◆ Data for analysis:
________________________________________

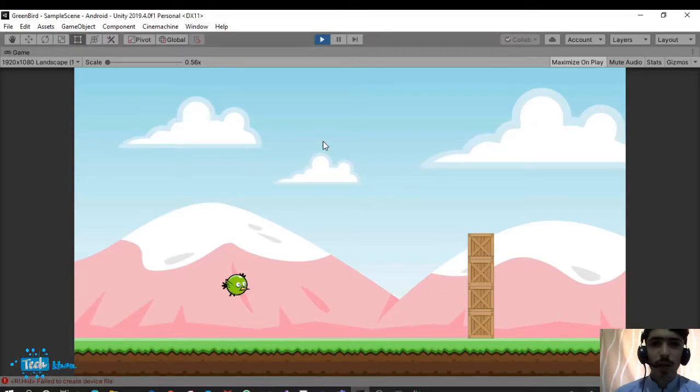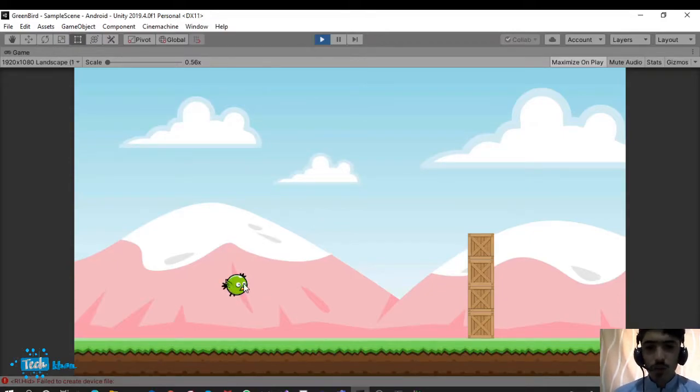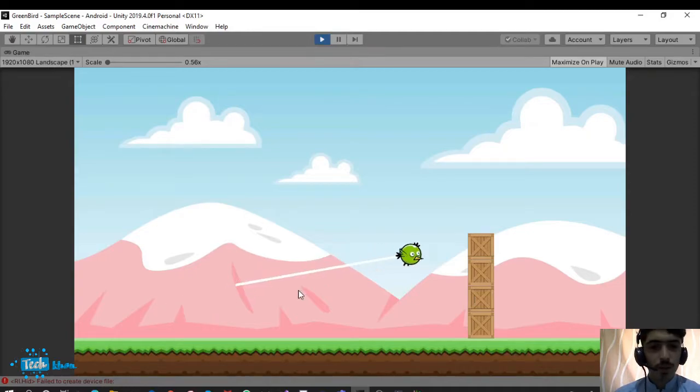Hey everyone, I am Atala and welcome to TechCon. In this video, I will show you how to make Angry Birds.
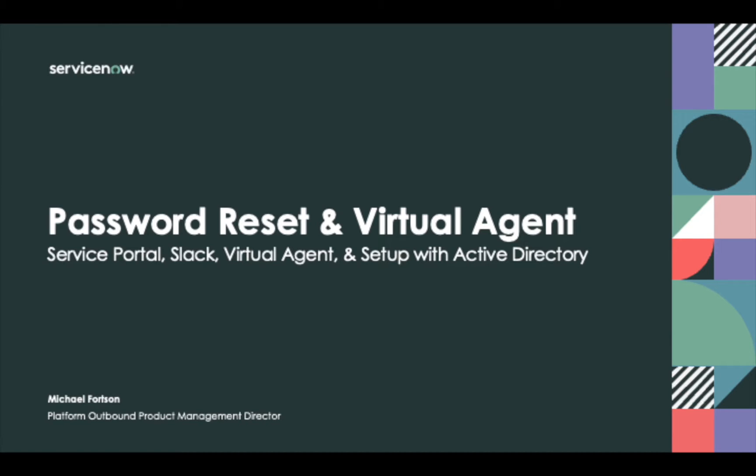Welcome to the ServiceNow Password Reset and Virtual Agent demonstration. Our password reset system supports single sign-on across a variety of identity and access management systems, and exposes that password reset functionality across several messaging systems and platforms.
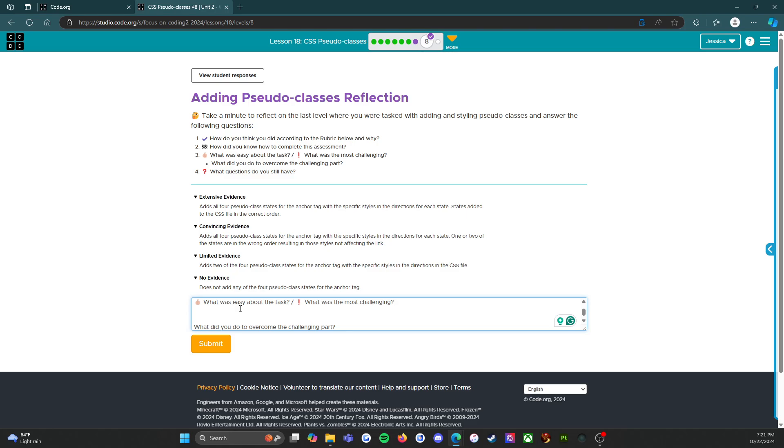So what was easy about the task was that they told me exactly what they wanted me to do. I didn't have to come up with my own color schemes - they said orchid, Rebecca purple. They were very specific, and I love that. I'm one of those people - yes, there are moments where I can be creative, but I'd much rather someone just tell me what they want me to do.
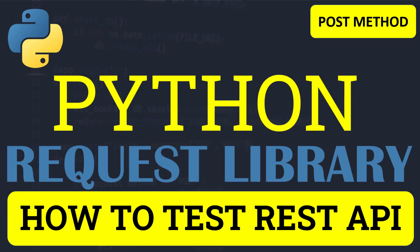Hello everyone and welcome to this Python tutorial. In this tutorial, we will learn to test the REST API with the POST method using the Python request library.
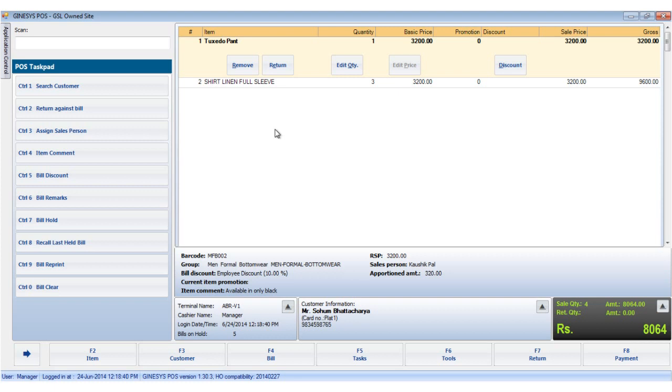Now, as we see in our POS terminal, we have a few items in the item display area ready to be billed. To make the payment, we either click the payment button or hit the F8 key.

________________________________________

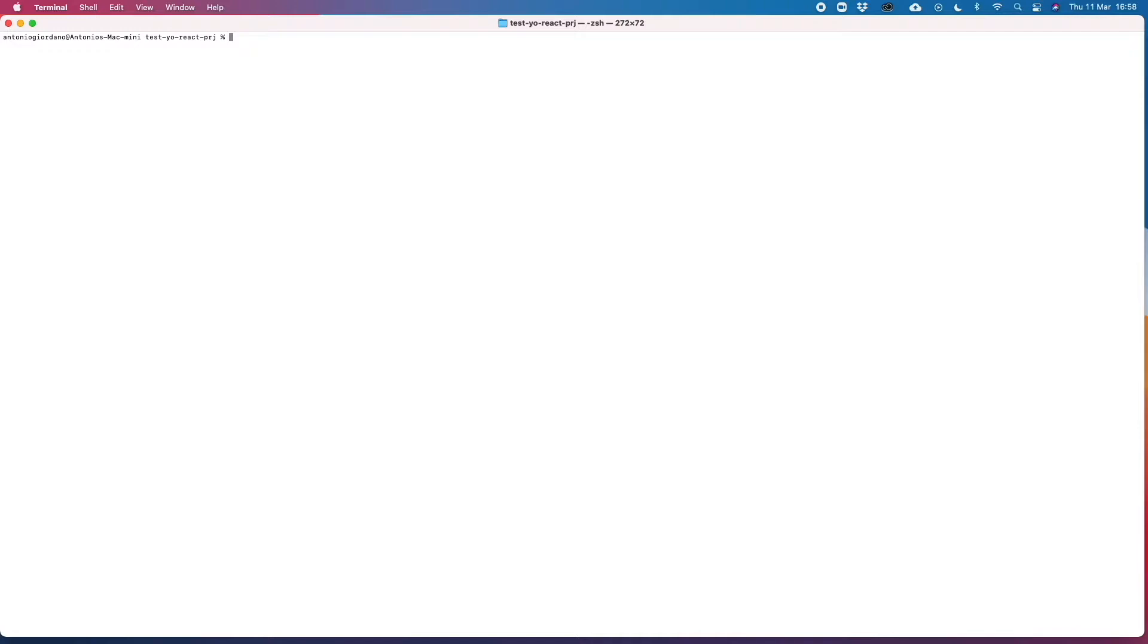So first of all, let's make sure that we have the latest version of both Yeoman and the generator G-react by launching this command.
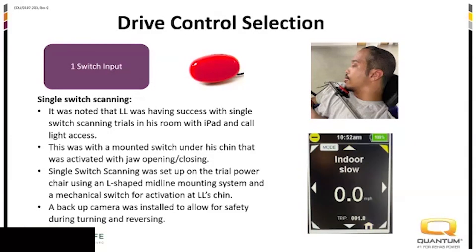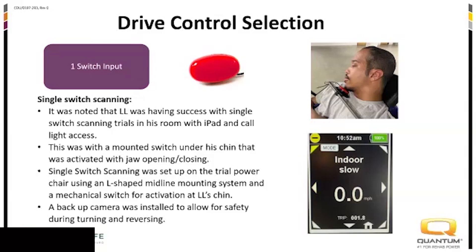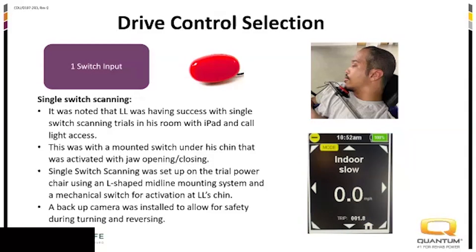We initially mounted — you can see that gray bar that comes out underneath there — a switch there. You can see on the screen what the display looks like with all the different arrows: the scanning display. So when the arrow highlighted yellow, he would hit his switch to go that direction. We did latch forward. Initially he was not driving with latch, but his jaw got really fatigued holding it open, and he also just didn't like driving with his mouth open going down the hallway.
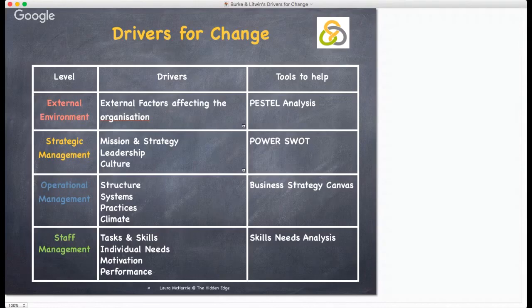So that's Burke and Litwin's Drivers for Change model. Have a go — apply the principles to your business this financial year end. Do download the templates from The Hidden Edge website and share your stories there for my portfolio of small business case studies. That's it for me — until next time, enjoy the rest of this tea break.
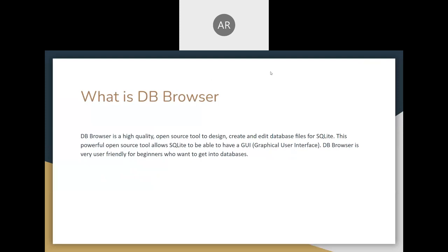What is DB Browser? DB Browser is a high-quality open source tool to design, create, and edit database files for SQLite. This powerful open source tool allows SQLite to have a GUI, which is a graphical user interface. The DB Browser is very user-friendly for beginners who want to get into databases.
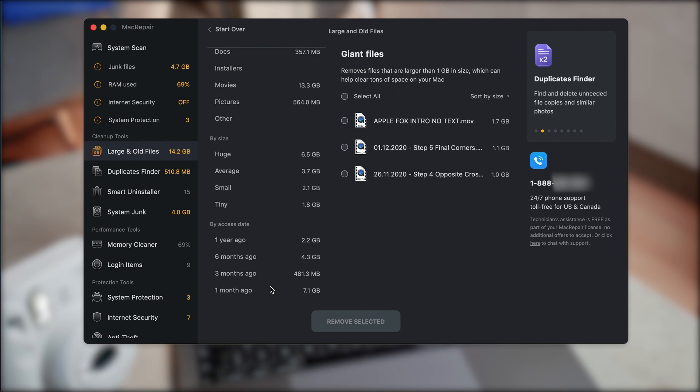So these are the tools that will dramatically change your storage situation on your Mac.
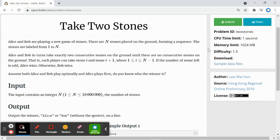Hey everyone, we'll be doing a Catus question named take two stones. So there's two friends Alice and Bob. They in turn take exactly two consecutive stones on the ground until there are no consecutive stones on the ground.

________________________________________

◆ Brief: Print exactly, with no pictures, the lines above from the one that holds "Hey everyone, I" through the one that holds "Welcome to the", both of them included.

◆ Solution to the problem:
Hey everyone, I am Atala and welcome to TechCon. In this video, I will show you how to make Angry Birds.
Welcome to the ServiceNow Password Reset and Virtual Agent demonstration. Our password reset system supports single sign-on across a variety of identity and access management systems, and exposes that password reset functionality across several messaging systems and platforms.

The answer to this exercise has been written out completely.